Possibly related, with satellite some LNBs suffer from a temperature-
dependent frequency shift. I had signal loss on sunny days, which Sky
didn't believe, and they switched decoders twice before i convinced
the tech to change the LNB. He conceded that it was "quite warm".
Better-quality LNBs have a PLL to avoid this.

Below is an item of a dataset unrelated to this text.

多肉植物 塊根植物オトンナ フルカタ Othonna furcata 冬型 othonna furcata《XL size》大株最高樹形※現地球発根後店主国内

On 1/08/2006, at 3:48 PM, Michael Davies wrote:
As the subject suggests, I’ve been noticing an interesting problem
with our internet. We’re lucky enough to be on the receiving end of
a wireless net connection running through Trango broadband
hardware, fairly conventional wireless tech. However I’ve noticed
through monitoring the connection with smokeping to various places
around the country that the connection quality seems to decrease
dramatically through the middle of the day, but not every day. At
first I thought that this was simply related to congestion
somewhere, but from following the weather a bit I’ve started
noticing that it gets worse on the nice sunny days.
For example: Today, a balmy 17 degrees in Dunedin and beautifully
sunny all day. Packet loss and jitter begins to increase at about
9am and peaks about 1pm with 60% loss, then at 2pm as if flicking a
switch it returns to nearly 0% loss. From looking at the graphs
over time, this does happen quite often but not every day and the
loss today is definitely the worst I’ve seen it (but also the
warmest/sunniest day we’ve had in Dunedin for quite a while).
Has anyone seen or heard of this happening before? Would there be
any way to prevent this – supposing that the sun is the culprit –
short of installing a Mr. Burns type sun shield?